I’ve also read many articles today about the story, which show that public sentiment is clearly against the parents right now. The majority of people think the Sunderlands must be nuts, and that they are willfully endangering the life of their child.

So on the one hand, it is ok to send 18 year olds off to war, or off to colleges like the University of Virginia where that lacrosse player was so hideously murdered by a guy on the boy’s team, but to allow your 16 year old daughter to undertake this incredibly bold adventure which she has trained for years to do, can only be nuts.

I think a huge problem in our society is actually the opposite: the overprotection and low expectations placed on teens, along with the supposed “right of passage” that kids are somehow supposed to go off to college and party their brains out for the first year or two, and come out unscathed and more “grown up”.  The idea that young adults are too young and dumb to bear any real responsibility, or to understand risk, is a dangerous mindset that helps create a culture of irresponsible and morally bankrupt young adults.

For most of human history, women have been mothers in their mid teens. Young men have gone to war; have gone to work. In harsher economic times people simply did not have the luxury to baby their teens, and expect so very little of them as many people do today.

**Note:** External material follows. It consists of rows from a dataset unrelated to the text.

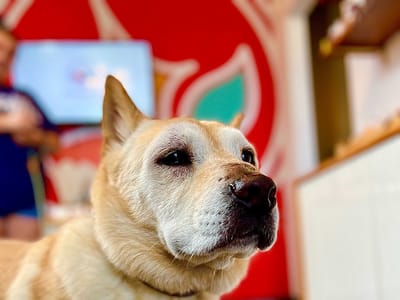 Celestial Stem | CBD & Wellness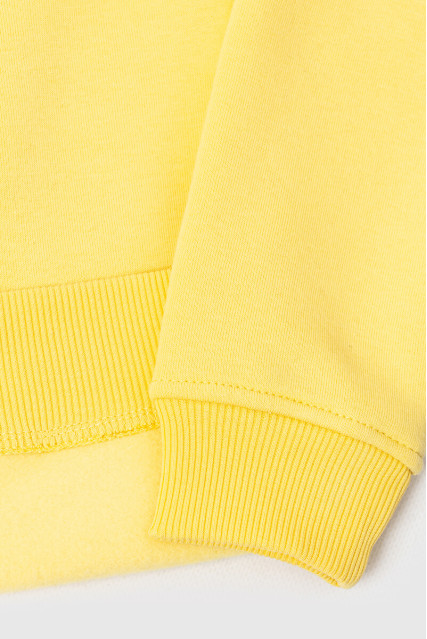 Світшот дитячий для хлопчика жовтий утеплений RAY BASIC KIDS K0303
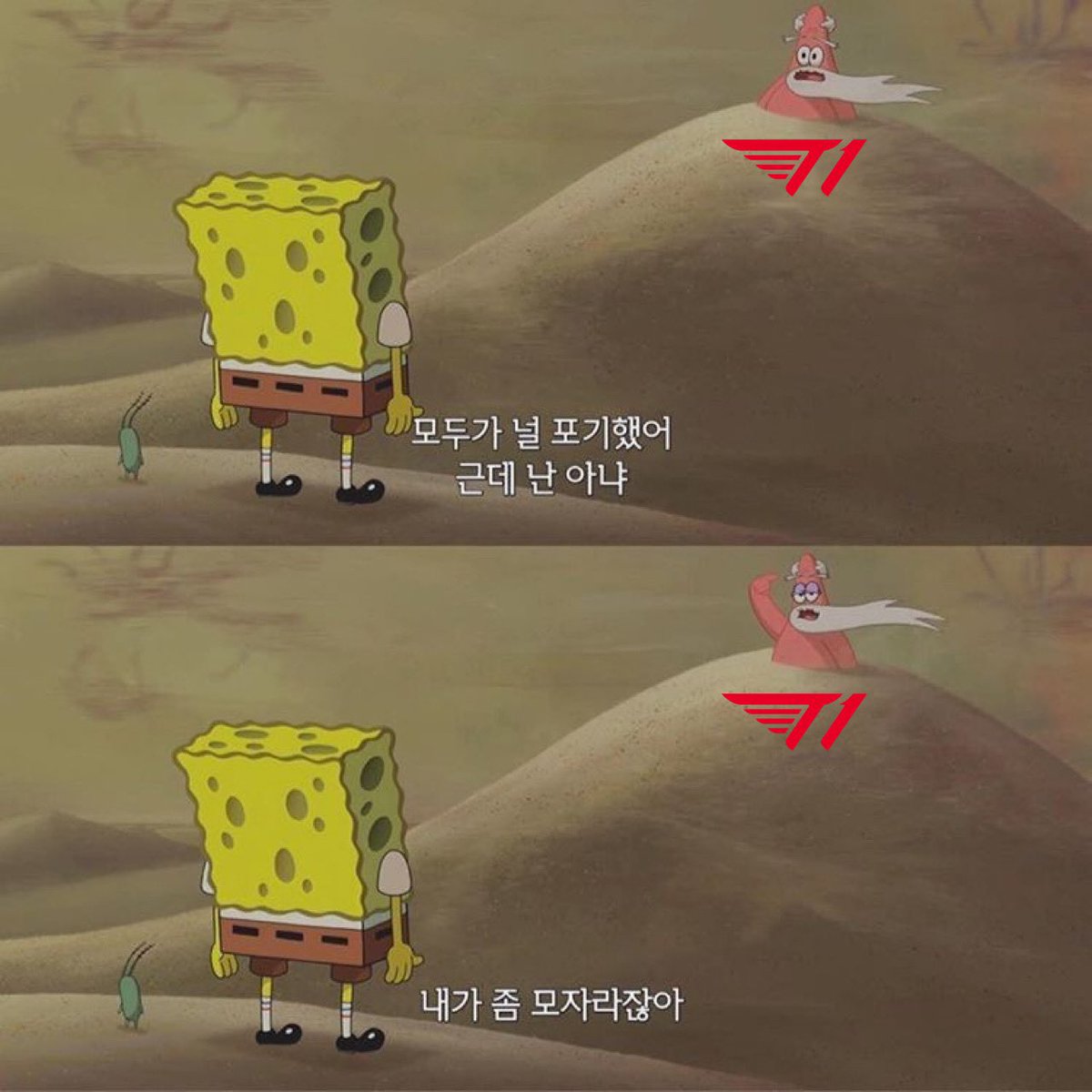 도지 tweet media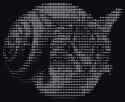 29 KB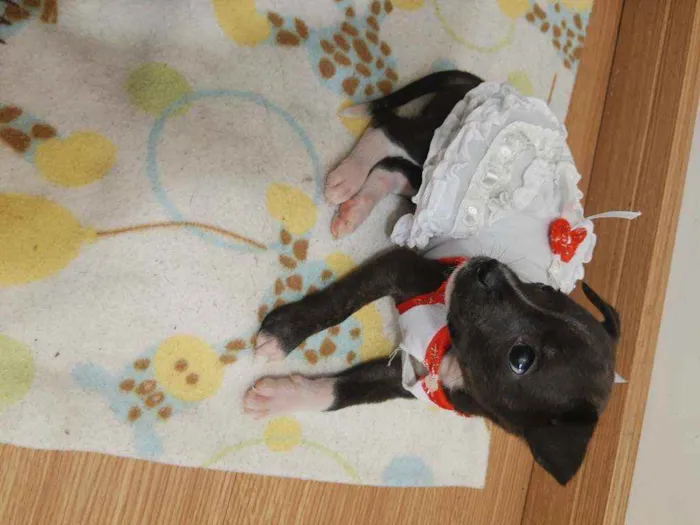 Cachorro ra a SRD idade 2 a 6 meses nome Bali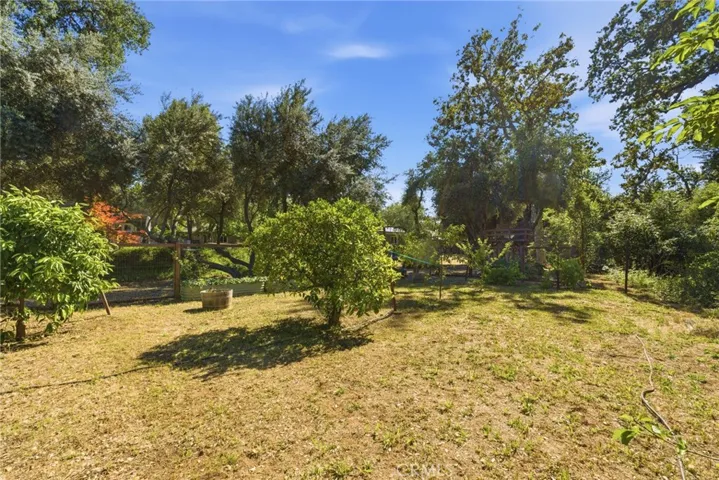 Fruit Trees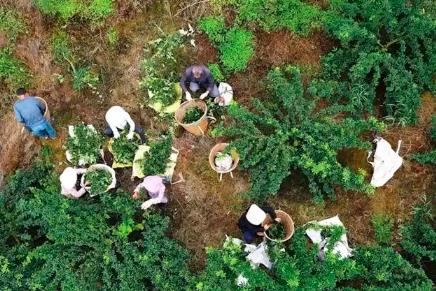 四川各地的春耕產(chǎn)業(yè)“上新”啦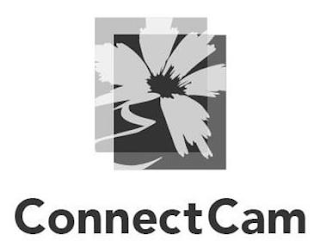 CONNECT CAM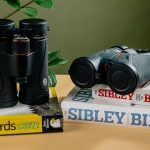 The 5 Best Binoculars for Bird Watching Beginners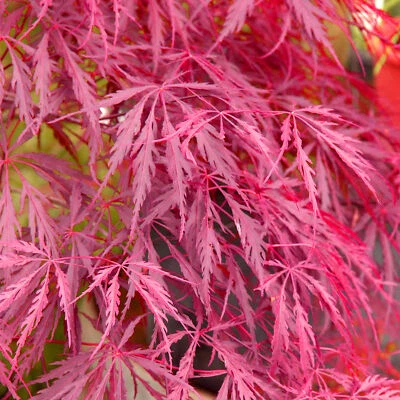 Acer palmatum 'Inaba-Shidare' | Japanese Maple Deciduous Garden Plant In Pot - Image 1 of 4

We dined at a friend’s house recently, a lovely guy who appears to try hard at being a single dad to his two teens. Yet as a successful lawyer, he also makes sure they have every hip tool at their disposal; iphones, wii’s, cars, and some spending money. The result?  A 14 year old daughter who cannot or will not look an adult in the eye or introduce herself, and spent the night chattering away on her iphone, when she wasn’t fighting with her brother. And a 19 year old son who cannot hold down a job, and bombed out of school at the local university. Yet by comparison these guy’s kids aren’t all that bad.

The culture of low expectations, combined with the “kids will be kids” attitude and the widespread tolerance and even encouragement for teen drinking such as the rampant binge drinking that occurs on college campuses, is one of the biggest societal problems that we face today.

And why does Abby Sunderland create so much anger among parents? IMHO it is not because they are “walking the walk” and doing everything possible to keep their own teens out of danger. No, it has more to do with the fact that so many of them treat their own children like large infants, and the idea that somebody else’s child may really be mature enough to undertake a challenge like this, underscores just how immature their own children really are.